Para que todo esto ocurriera, era necesaria una premisa: la propiedad del suelo debía ser pública. Habitem el Sant Pau inició una movilización destinada a conseguir que el Ayuntamiento de Barcelona comprara el inmueble. Por un lado, se buscaba incluir el asunto en la multiconsulta popular anual instaurada por el gobierno de Barcelona en Comú. Por otro, llevar el tema al pleno del Ayuntamiento. Para la recogida de firmas destinada a llegar a la votación popular se movilizaron más de 400 personas en 68 puntos de la ciudad, aparte del jaleo en redes sociales, y se consiguió llegar a las 21.000 exigidas aunque, finalmente, la propuesta no acabó saliendo a votación por un defecto de forma que desde el gimnasio consideran muy estricto. Pero aún quedaba la baza del pleno.
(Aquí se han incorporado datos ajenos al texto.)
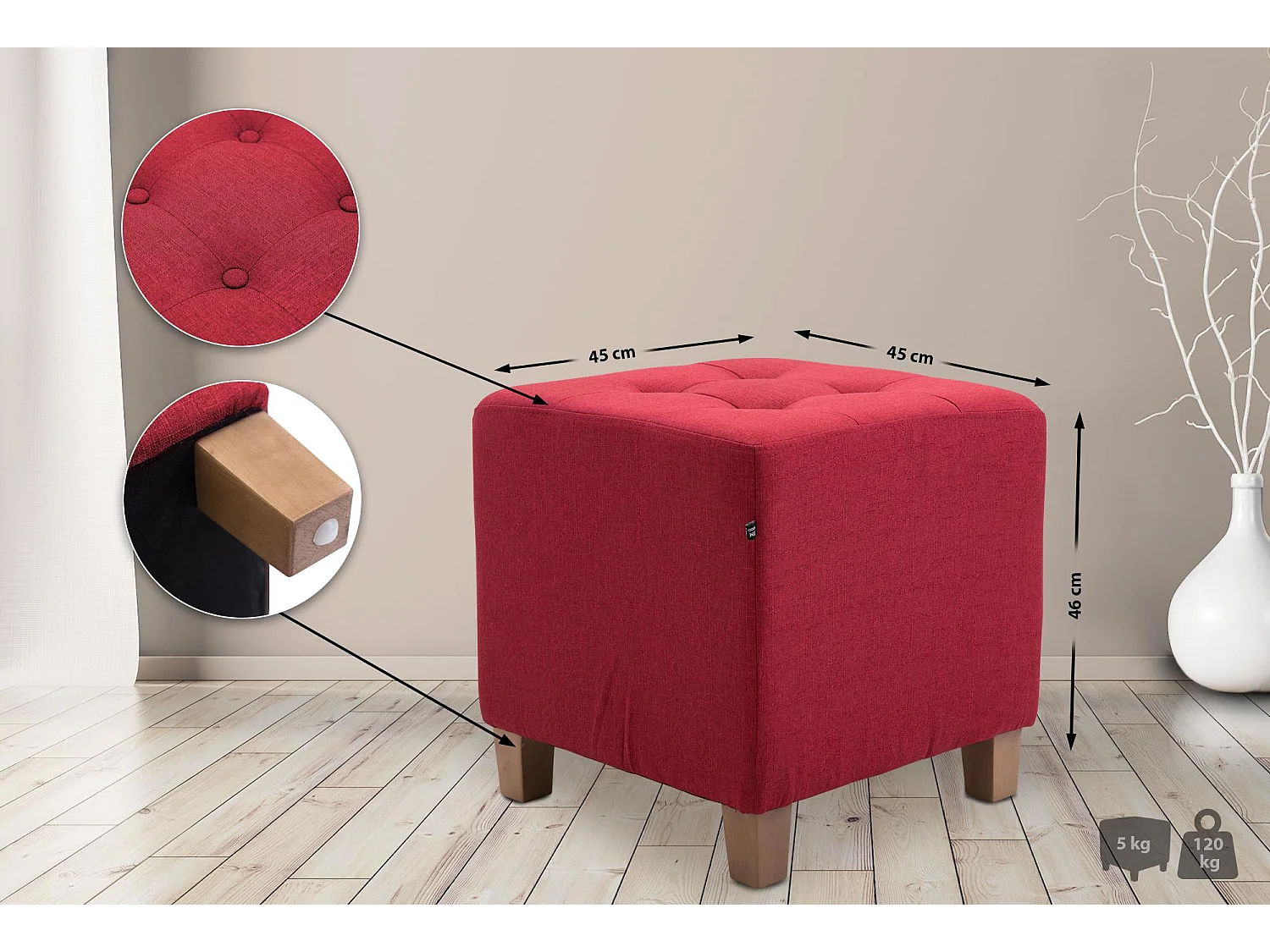 Tabouret - Tissu & Bois - Rouge - Pharao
El 25 de mayo de 2018, a propuesta de la CUP y con votos a favor de todos los grupos menos la abstención de PP y PSOE, el Ayuntamiento de Barcelona aprobó la compra, antes del 31 de diciembre de 2018, de la finca situada en el 46 de la Ronda de Sant Pau —compra que debía ser por parte del propio Ayuntamiento, el consorcio de vivienda o la Generalitat y dentro del rango de precios establecido por el consistorio—, respetar el gimnasio y destinar lo construido a vivienda social y hacerlo a partir del proyecto propuesto desde Habitem el Sant Pau. Una victoria que en realidad no lo era tanto.
La situación. Hoy el Sant Pau peligra más que nunca, el proyecto de vivienda social y el propio gimnasio. A menos de un mes del fin del año y del compromiso del pleno, el Ayuntamiento no ha movido ficha para ejercer la compra comprometida. La cooperativa de trabajadores se ha reducido de dieciséis a diez, se ha bajado los sueldos un 30% y ha aumentado sus jornadas laborales para igualar ingresos y gastos y facilitar la solución pactada. También ha buscado otra vía y, en vista de la inacción del consistorio: ha contactado con unos posibles compradores del edificio, un grupo de empresas que construirían vivienda destinada al mercado libre, pero con el compromiso de mantener el gimnasio abierto, garantizar su futuro y el trabajo de los cooperativistas y el de ofrecer vivienda asistencial en otros inmuebles de la ciudad.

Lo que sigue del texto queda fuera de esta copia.